For a woman who prided herself on sticking to her guns, even when facing a roomful of sheriff's deputies who opposed her, Ventura County Supervisor Judy Mikels was anything but tough on Tuesday.
Her voice broke several times, and she repeatedly dabbed her eyes, as she explained her sorrow at leaving a job she had loved for 12 years.
"It's been a real E-ticket ride," she said of her three terms in office, "and I've enjoyed every bit of it."
Mikels, 60, is not leaving her 4th District supervisor's post by choice. She was ejected by voters in the June primary, placing last among three candidates.
Peter Foy, 50, an insurance broker and political novice, went on to beat out political consultant Jim Dantona in the November general election.
Foy was backed by the county's law enforcement establishment, including the powerful sheriff's deputies union.
Mikels had been considered a strong ally of public safety groups when she took office in 1994 on a platform of increased law enforcement funding. But the deputies union targeted her for defeat several years ago, after she voted against higher pensions for deputies.
In one memorable standoff in 2001, Mikels stood her ground even as the union filled the Board of Supervisors' hearing room with deputies in uniform. The union's president, Glen Kitzmann, lambasted Mikels as unsupportive of public safety and warned that she would be held accountable at her next election.

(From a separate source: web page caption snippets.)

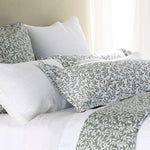 Garden Path Duvet Cover Set | Green Leaf-5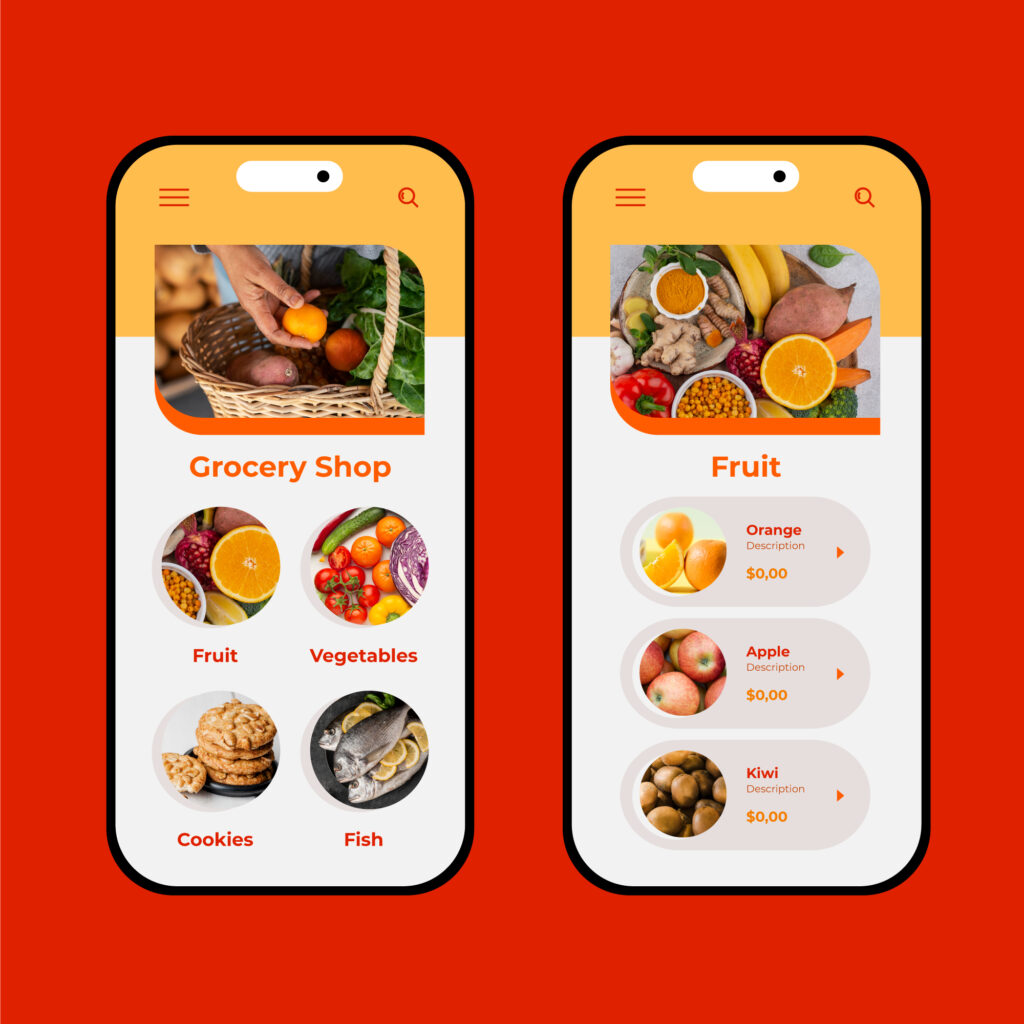 create food app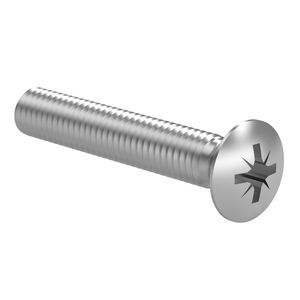 tornillo de cabeza avellanada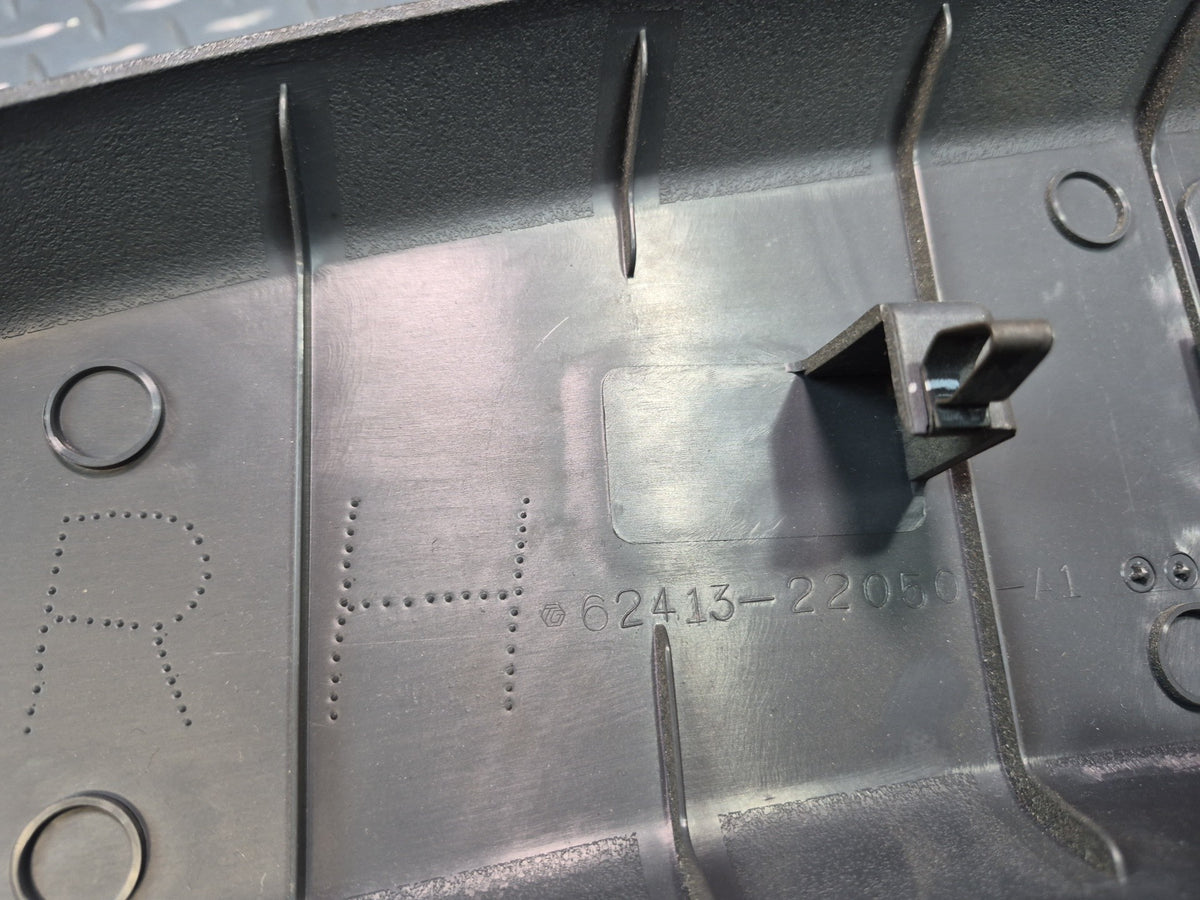 84-86 Toyota Cressida MX73 Sedan Lower Interior B Pillar Trim Cover Set OEM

In characteristic fashion, Mikels stared down Kitzmann and announced that "my integrity and my record says I can't be bought."
She managed to hang on to her seat by a slim margin four years ago when she faced a single challenger. But the split primary vote this year worked against her, along with charges that she was too caustic and out of touch with her constituents in Moorpark and Simi Valley.
On Tuesday, Mikels focused on the people she will miss as she heads back into private life in Simi Valley. She said she and her husband, Mike, who is retired from the Air Force, may spend part of their year in Arizona or Idaho.
"As we say in the Air Force, it's not goodbye, but I'll see you down the road," Mikels said, fighting tears.
Simi Valley Mayor Paul Miller presented Mikels with a proclamation from the city, and board colleagues gave her a gift certificate for a spa day in Ojai.
Several speakers praised her as a public official who stayed true to her principles and stated them candidly.
As if to prove them right, she offered a parting comment: "Those that are going to miss me, I'll miss you too. And those that don't, to heck with you."